Start of RECORDS FOR THE EXERCISE
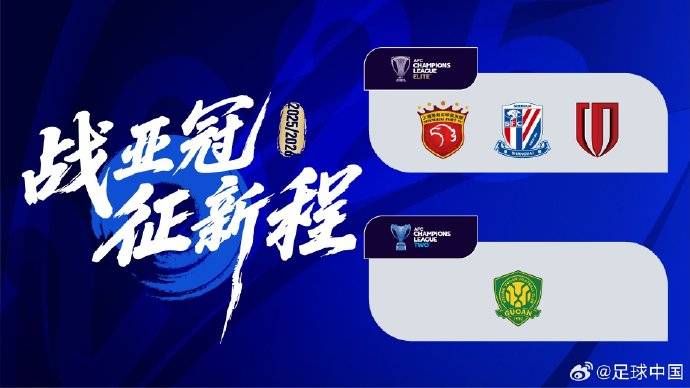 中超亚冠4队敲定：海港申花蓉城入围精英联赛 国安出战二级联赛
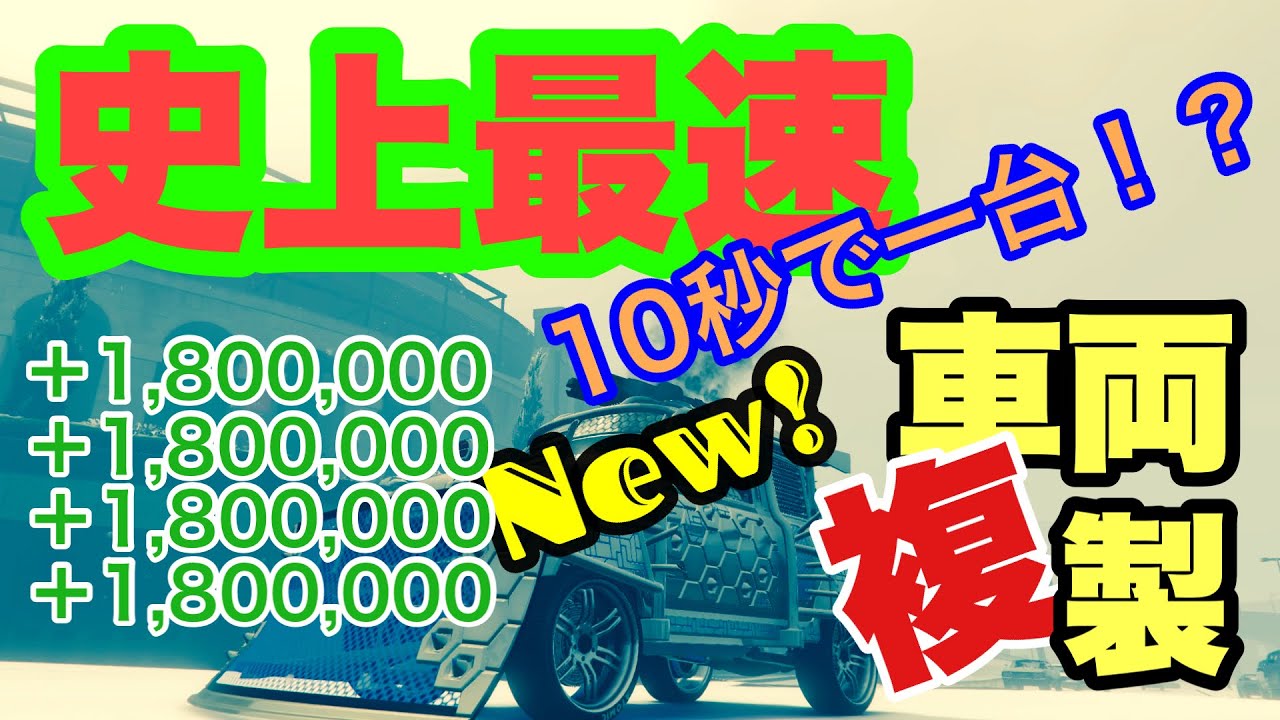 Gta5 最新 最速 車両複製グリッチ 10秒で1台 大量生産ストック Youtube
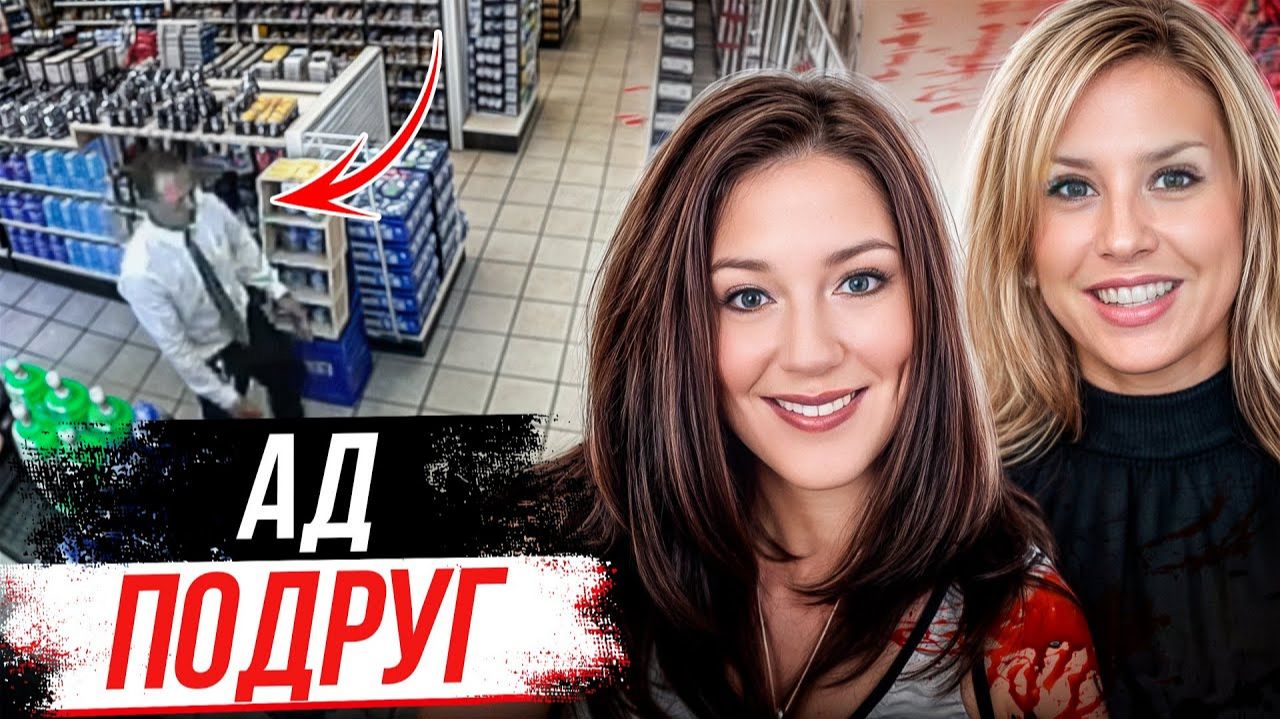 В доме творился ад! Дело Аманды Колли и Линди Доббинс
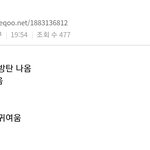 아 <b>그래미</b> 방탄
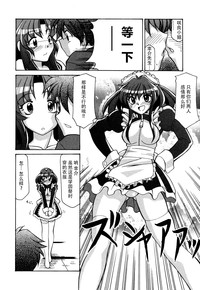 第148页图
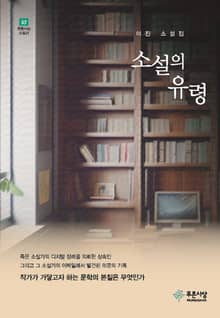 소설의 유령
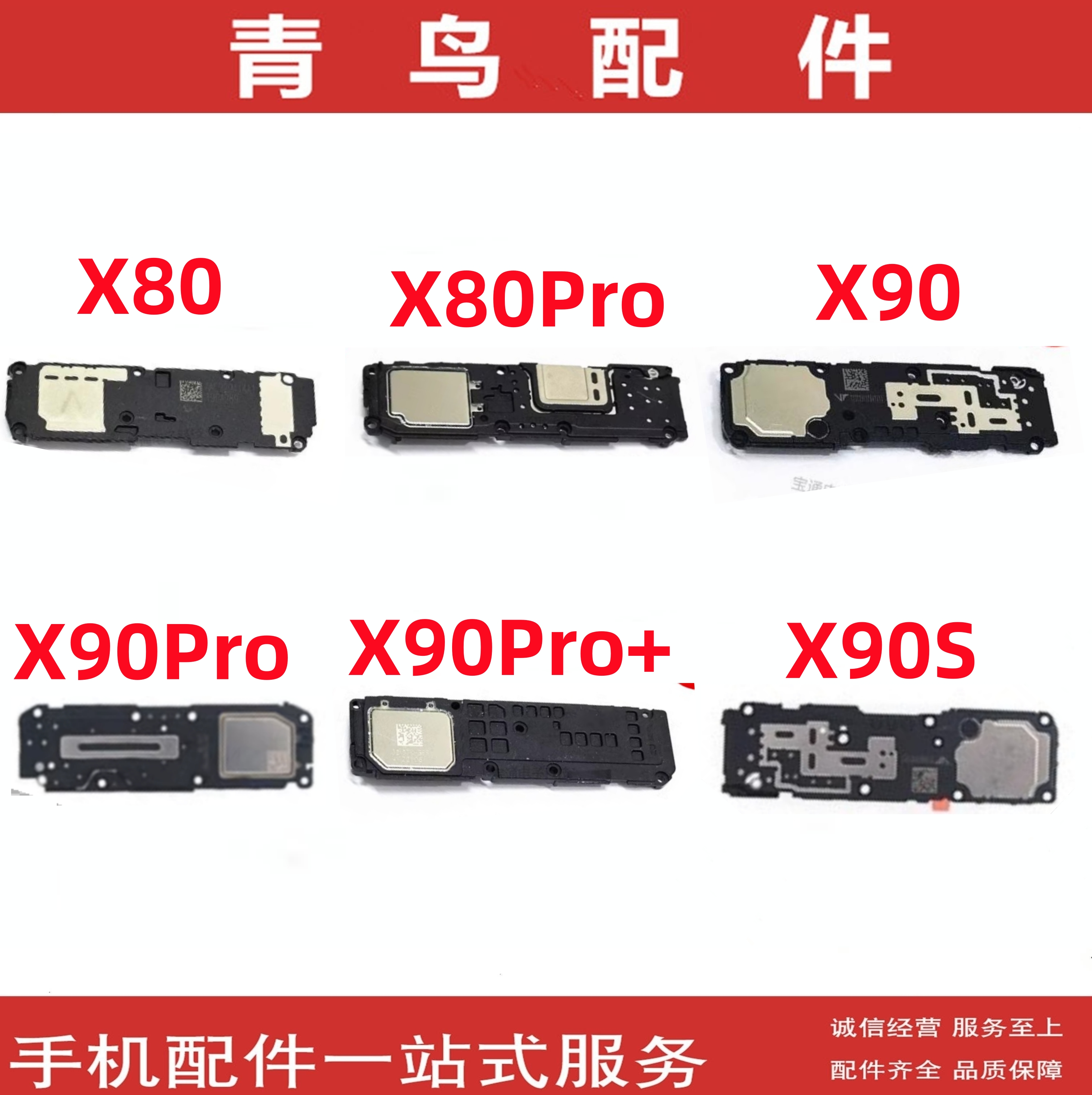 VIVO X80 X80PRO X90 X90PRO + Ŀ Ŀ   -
End of RECORDS FOR THE EXERCISE
Start of RECORDS FOR THE EXERCISE
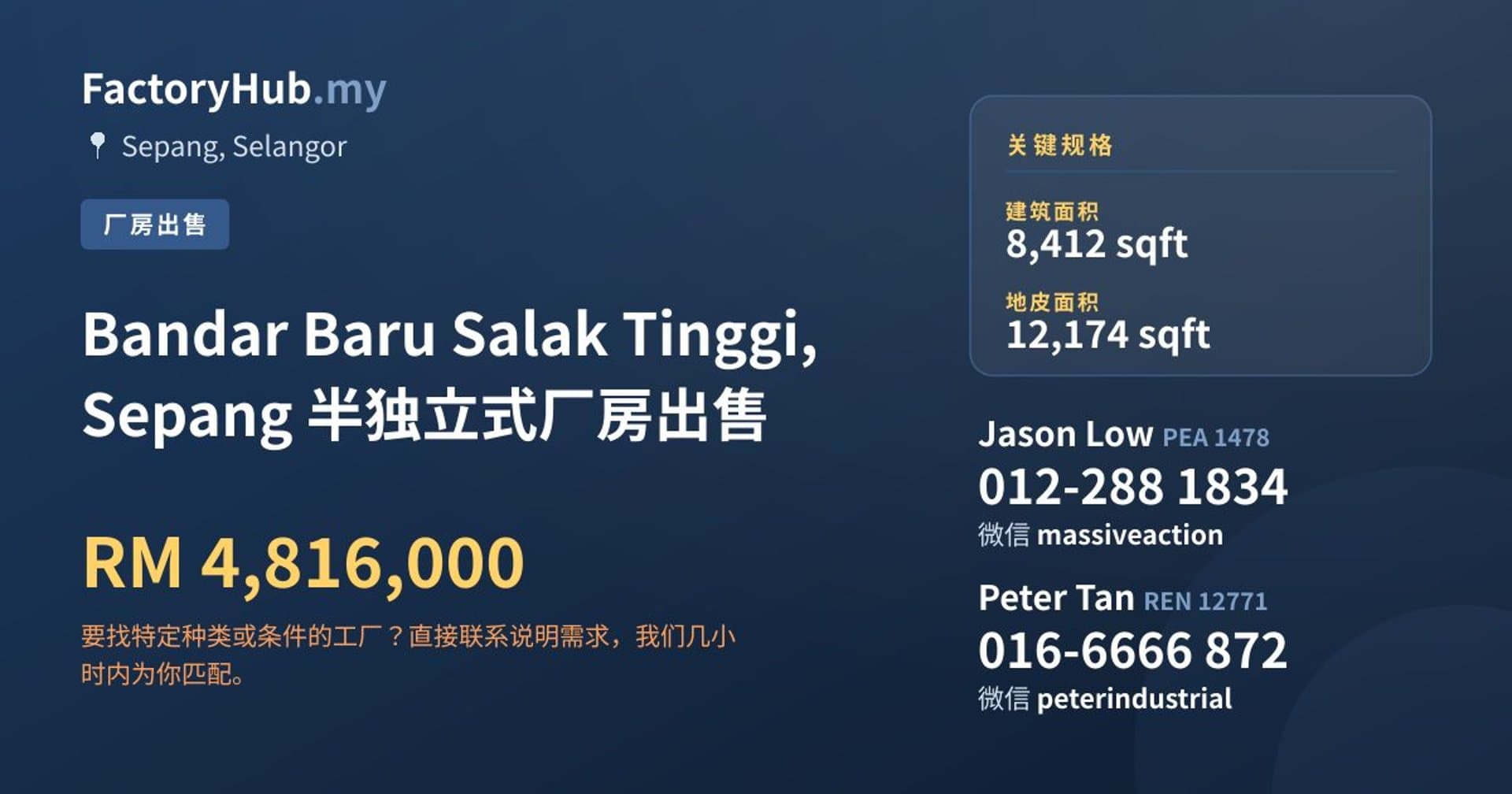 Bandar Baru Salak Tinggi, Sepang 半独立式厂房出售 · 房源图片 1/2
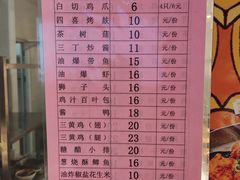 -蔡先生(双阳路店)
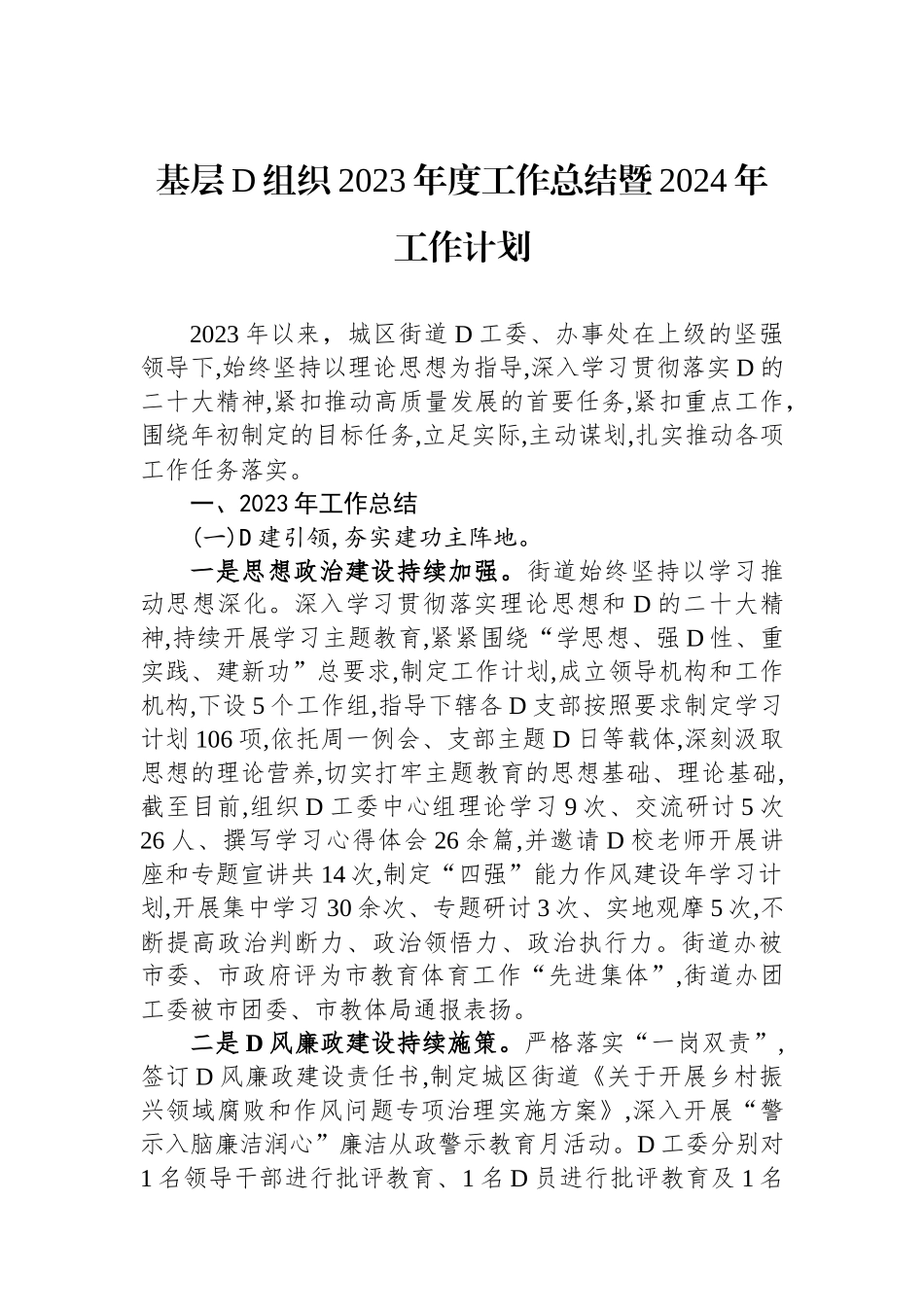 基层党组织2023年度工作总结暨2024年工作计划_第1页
End of RECORDS FOR THE EXERCISE
→ **WHAT YOU HAVE TO DO**
Look above for the line with "아 <b>그래미</b> 방탄" and the line with "VIVO X80 X80PRO", then restate exactly those two lines and all lines between them, with no pictures.

→ **ANSWER TO THIS PROBLEM**
 아 <b>그래미</b> 방탄
 第148页图
 소설의 유령
 VIVO X80 X80PRO X90 X90PRO + Ŀ Ŀ   -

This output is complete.